À Gaza, l’écriture d’Aya Abu Nasr comme dernier rempart contre l’oubli

À Gaza, où deux années de bombardements incessants ont creusé le silence dans le paysage, les mots d’Aya Abu Nasr sont devenus un refuge de mémoire. Survivante de multiples attaques, elle a perdu plus de 150 membres de sa famille en un seul instant. Son écriture, surgie des décombres, refuse que les visages qu’elle aimait soient réduits à des lignes anonymes dans le récit d’une guerre génocidaire. Aya se décrit avant tout comme un être humain : mère, sœur, fille, femme tentant de rester debout alors que tout s’effondre autour d’elle. Déplacée dès le premier jour, elle s’était réfugiée dans la maison familiale, ignorant que cette décision — qui lui sauverait la vie — la plongerait dans un deuil presque insoutenable.

Lorsque la nouvelle du massacre de ses proches lui parvient lors d’un bref appel, le monde qu’elle connaissait se fissure définitivement. Face à un paysage où rien n’a été épargné, elle se tourne vers l’écriture, seul espace encore intact. Elle commence alors à consigner les noms, les rêves et les détails intimes qui rendaient ses proches profondément humains, convaincue qu’ils ne doivent jamais devenir de simples chiffres. Sur des cahiers d’enfants, sur des morceaux de papier récupérés dans les ruines, parfois même en pleine frappe, elle écrit. Beaucoup de pages ont brûlé ou disparu, mais elle persiste : renoncer à écrire, dit-elle, serait abandonner la mémoire au néant.

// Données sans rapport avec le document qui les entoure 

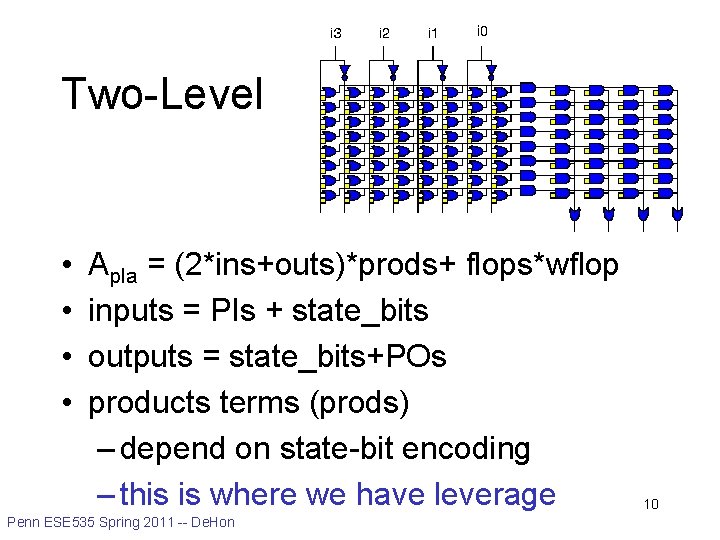 Two-Level • • Apla = (2*ins+outs)*prods+ flops*wflop inputs = PIs + state_bits outputs =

Son travail finit par dépasser sa propre douleur. Aya recueille les voix de mères ayant enterré leurs enfants, de familles constamment déracinées, d’enfants avançant dans la faim, la poussière et la peur. Elle assemble ces récits comme on rassemblerait les fragments d’un monde brisé, décidée à préserver les traces de vies que le monde regarde trop peu. Chaque témoignage est pour elle un acte de résistance contre l’effacement, rappelant que les habitants de Gaza ont vécu pleinement, rêvé librement, et méritent que leur humanité soit reconnue. Si elle continue à écrire, même dans l’obscurité la plus totale, c’est parce qu’elle croit que le désespoir est un luxe que Gaza ne peut se permettre. Ses mots cherchent à protéger la dignité d’un peuple qui refuse d’être oublié.